According to the procedure of Dinh a stent is prepared by first polymerizing
fibrin in a molded cavity, in which the shape of the cavity defines the shape
of a fibrin stent. ....
Dinh does not teach the claimed activator and precursor in their
medical device. ....
Delmotte et al teaches a fibrin delivery device and a method of
forming fibrin on a wound surface to control bleeding and tissue sealing.
The device of Delmotte comprises a first and second biochemically reactive
liquid, comprising fibrinogen and thrombin respectively, in separate
containers. The two liquids are in communication with a spray unit, capable
of atomizing both liquids, when sprayed on the wound surface. Fibrinogen
and thrombin, upon spraying, forms fibrin glue (a barrier material) at the
surface of the wound (col. 3, lines 11-67). ... According to the invention of
Delmotte, the polymerization of fibrin occurs only at the site of
administration. ... Delmotte fails to suggest coating a stent.
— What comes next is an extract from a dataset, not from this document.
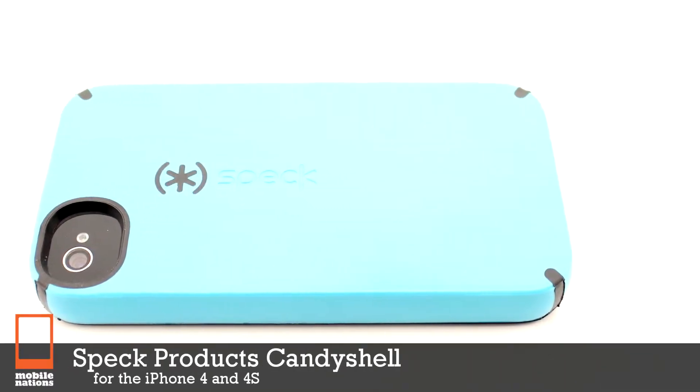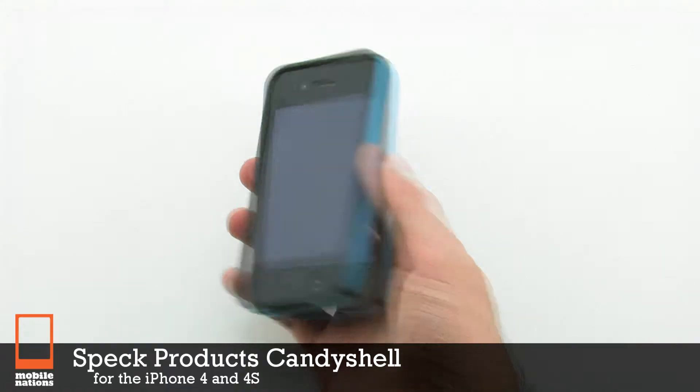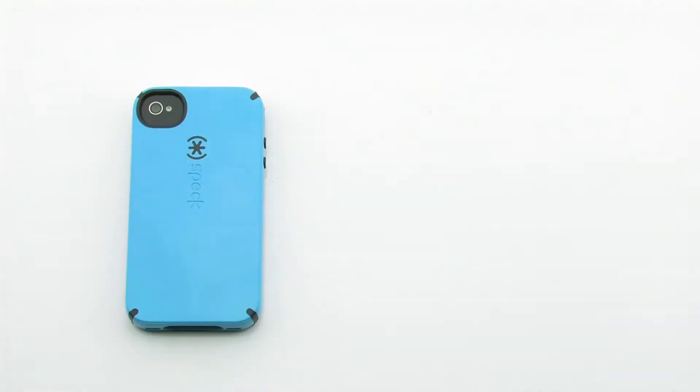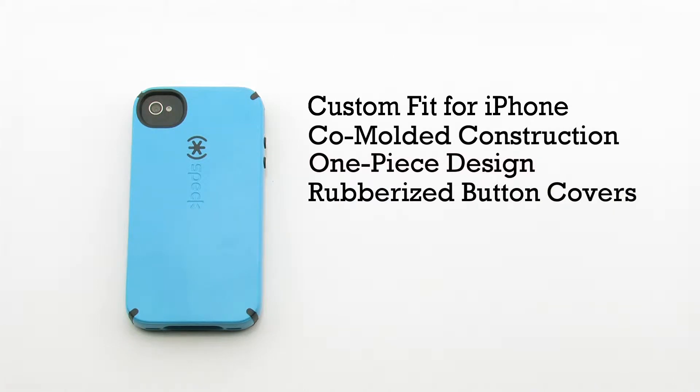The SPEC Products Candy Shell Case for the iPhone 4 and 4S. The Candy Shell Case features a custom fit for the iPhone, a co-molded construction and one-piece design, and rubberized button covers.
We do not find that the examiner has provided sufficient evidence to support a
prima facie case of obviousness. We do not find the evidence would have provided one
of ordinary skill in the art with sufficient motivation to substitute a separately released
fibrinogen and thrombin for conversion to an activated fibrin form for local delivery, for
the fibrin coating in the vascular stent of Dinh. In particular, we do not find where the
examiner has indicated, or where the references disclose, that separately released
fibrinogen and thrombin for conversion to an activated fibrin form for local delivery, can
be incorporated into or adapted to a medical device, such as the vascular stent of Dinh.
As argued by appellant, Dinh teaches away from providing thrombin and
fibrinogen separately at the treatment site for in situ polymerization. Brief, page 6. Dinh
states that “[p]referably the coagulating effect of any residual coagulation protein in the
fibrin should be neutralized before employing it in the stent ... in order to prevent clotting
at the fibrin interface with blood after stent implantation.” Col. 5, lines 7-11.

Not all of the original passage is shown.